Let me state here, before I get onto the concern for which I came here to write, that I did not intentionally end on the pregnant girl to the effect that it should create a sort of suspense, no. I had intended to go on memory lane to write, as much as I can recall, the feelings and events prior to the time I wrote my Basic Education Certificate Examination. Mind you, it was a trip through memory lane and that was how far my memory will serve me. So please bear with me.

Now, I am here to put out my thoughts on the leakage of BECE questions that led to the cancellation of about 5 papers in this years exams. I thought this year's leakage was going to make it to the Guiness Book of Records, until a friend who wrote his BECE in 2002, recounted his experienceto me in an interview waiting room.
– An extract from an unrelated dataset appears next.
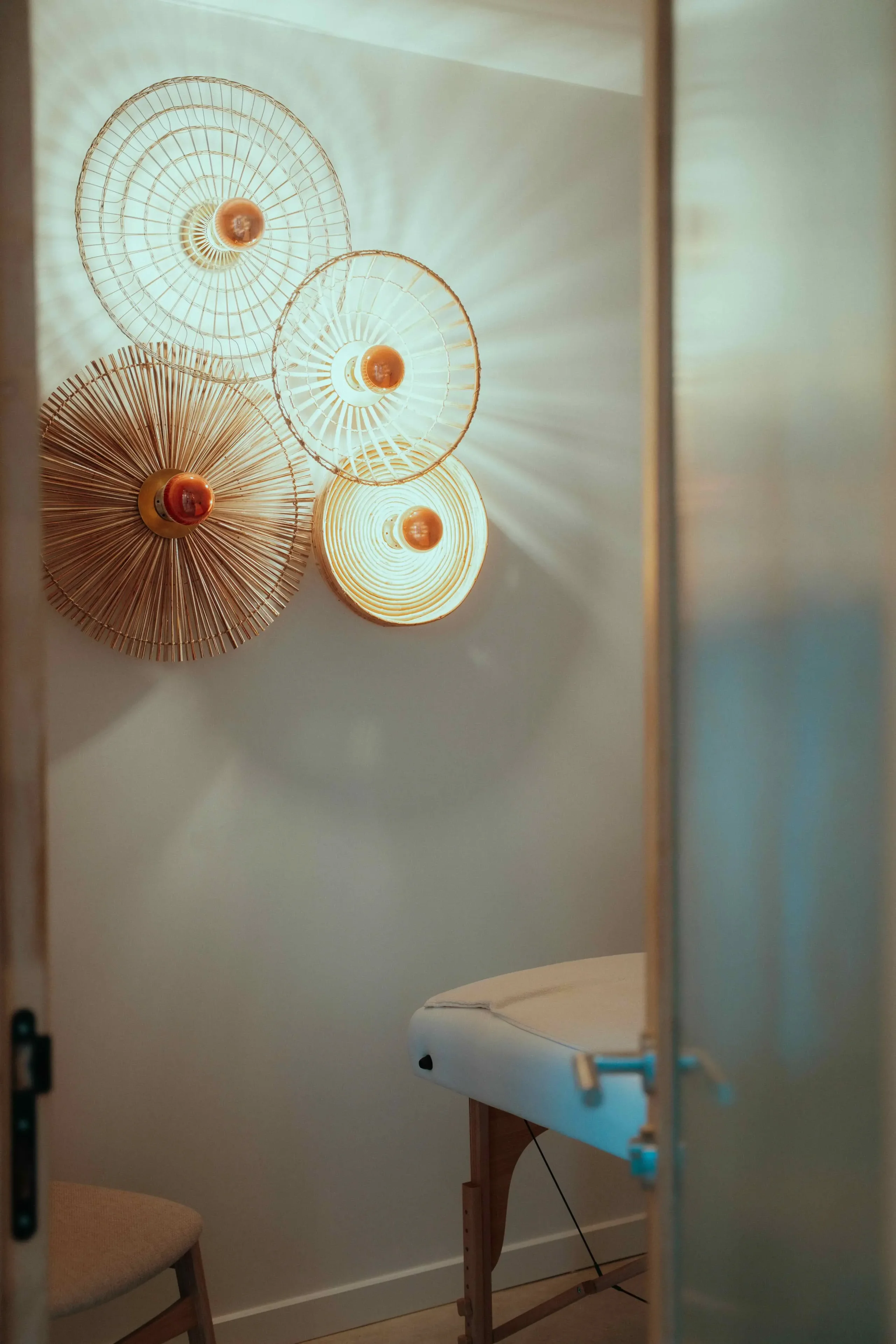 Vue intérieure de hammam et sauna moderne.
More than a decade and three years ago, Mr. F wrote his BECE and according to him, what happened this June 2015 is nowhere close to what occurred in  his time. He told me to my utter disbelief that in April 2002, every single subject with the exception of French and Ghanaian language, was cancelled. They heard the news about a week after their last paper. By then, the over-joyed graduates had torn their uniforms into irrecognizable pieces. They were so sure they had "mudered" the exams and already made their A's that some had foolishly thrown their text books into the air like mortarboards and cared not the least for how or where it landed  Fortunately, they were given a month to recuperate from the "heartbreak" and sudden depression. In the first week of July they went back to their various halls where they proved themselves once again and hopefully this time, everyone will reap what they had really sowed. Mr. F called it their 2nd world war

So, if indeed this sort of conduct towards final exams has been in existence since 2002,and could recur in 2015, I wonder what sort of people are put in our state intitutions and tasked with overseeing the Education of Ghanaians. I am forced to ask if they care at all about the future? And if next year something like this should happen during WASSCE or BECE, we are failing, if not failed, as a nation.

I read somewhere that teachers are like doctors, the students are the patients and the classroom is the operating room. How and what they teach must be done with the utmost diligence.

These young ones are the future of Ghana and yet what do we teach them? That hardwork and doing the right things don't matter anymore? That they should cheat their way through life and that honesty isn't necessary? Shame on those that call themselves teachers and yet condone this "ap) kronkron" lifestyle so that their students will pass despite their laziness. What sort of humans are we grooming to lead Ghana? If you are a teacher reading this article, I plead with you, for the sake of tomorrows Ghana teach your students more than just photosynthesis, linear equations and comprehension. Let them come out of school as leaders with the confidence to achieve whatever dreams they envisage.

If u teach them to cheat today, they will wear mask tomorrow, take up arms, break into your home, rob u of your spouse and turn u into a widow(er)
Let's make the right choice today for tomorrow.

Finaly, I throw a challenge to WAEC, GES and all institutions that are stakeholders in the education of Ghanaians to see to it that this act discontinues. Thank you.